ABOUT THIS EXERCISE: Your task is to quote the records from their first line through the line containing "TOM TAILOR Męska", with nothing added or left out.

#### TASK INPUT ####

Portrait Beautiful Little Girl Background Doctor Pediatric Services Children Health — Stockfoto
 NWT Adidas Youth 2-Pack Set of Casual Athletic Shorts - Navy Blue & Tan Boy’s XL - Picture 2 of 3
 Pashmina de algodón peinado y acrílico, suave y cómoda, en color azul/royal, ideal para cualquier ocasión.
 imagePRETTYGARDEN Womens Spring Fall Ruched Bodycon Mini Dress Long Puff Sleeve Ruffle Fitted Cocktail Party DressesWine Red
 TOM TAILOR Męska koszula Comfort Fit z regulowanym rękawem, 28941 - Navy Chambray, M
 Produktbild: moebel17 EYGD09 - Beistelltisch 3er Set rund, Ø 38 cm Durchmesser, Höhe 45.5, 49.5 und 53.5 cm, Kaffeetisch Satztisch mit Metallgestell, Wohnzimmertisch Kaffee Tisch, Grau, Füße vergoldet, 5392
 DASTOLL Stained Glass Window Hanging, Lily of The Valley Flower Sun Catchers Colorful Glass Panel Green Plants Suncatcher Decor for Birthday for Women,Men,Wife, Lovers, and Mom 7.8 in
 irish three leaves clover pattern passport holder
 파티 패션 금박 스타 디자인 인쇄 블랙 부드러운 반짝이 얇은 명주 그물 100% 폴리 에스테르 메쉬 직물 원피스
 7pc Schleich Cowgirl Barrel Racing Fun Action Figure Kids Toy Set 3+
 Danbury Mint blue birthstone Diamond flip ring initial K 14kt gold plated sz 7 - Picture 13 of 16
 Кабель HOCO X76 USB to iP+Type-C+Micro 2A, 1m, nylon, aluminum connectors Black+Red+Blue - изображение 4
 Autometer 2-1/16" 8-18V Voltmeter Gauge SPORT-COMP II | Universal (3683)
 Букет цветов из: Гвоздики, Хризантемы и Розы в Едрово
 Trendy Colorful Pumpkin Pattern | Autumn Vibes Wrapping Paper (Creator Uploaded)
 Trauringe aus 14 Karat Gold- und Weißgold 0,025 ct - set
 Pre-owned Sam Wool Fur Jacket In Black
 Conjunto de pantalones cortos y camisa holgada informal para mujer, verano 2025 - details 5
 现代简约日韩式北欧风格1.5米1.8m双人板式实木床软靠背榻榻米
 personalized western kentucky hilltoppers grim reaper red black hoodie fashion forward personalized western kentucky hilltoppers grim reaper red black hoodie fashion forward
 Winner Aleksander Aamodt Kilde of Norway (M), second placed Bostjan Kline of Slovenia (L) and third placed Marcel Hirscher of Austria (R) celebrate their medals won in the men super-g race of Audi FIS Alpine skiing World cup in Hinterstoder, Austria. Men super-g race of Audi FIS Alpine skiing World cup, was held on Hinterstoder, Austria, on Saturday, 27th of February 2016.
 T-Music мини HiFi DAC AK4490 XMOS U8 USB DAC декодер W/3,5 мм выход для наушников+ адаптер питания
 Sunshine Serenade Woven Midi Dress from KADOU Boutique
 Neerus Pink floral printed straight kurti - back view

####

ANSWER FOR THE TASK:
Portrait Beautiful Little Girl Background Doctor Pediatric Services Children Health — Stockfoto
 NWT Adidas Youth 2-Pack Set of Casual Athletic Shorts - Navy Blue & Tan Boy’s XL - Picture 2 of 3
 Pashmina de algodón peinado y acrílico, suave y cómoda, en color azul/royal, ideal para cualquier ocasión.
 imagePRETTYGARDEN Womens Spring Fall Ruched Bodycon Mini Dress Long Puff Sleeve Ruffle Fitted Cocktail Party DressesWine Red
 TOM TAILOR Męska koszula Comfort Fit z regulowanym rękawem, 28941 - Navy Chambray, M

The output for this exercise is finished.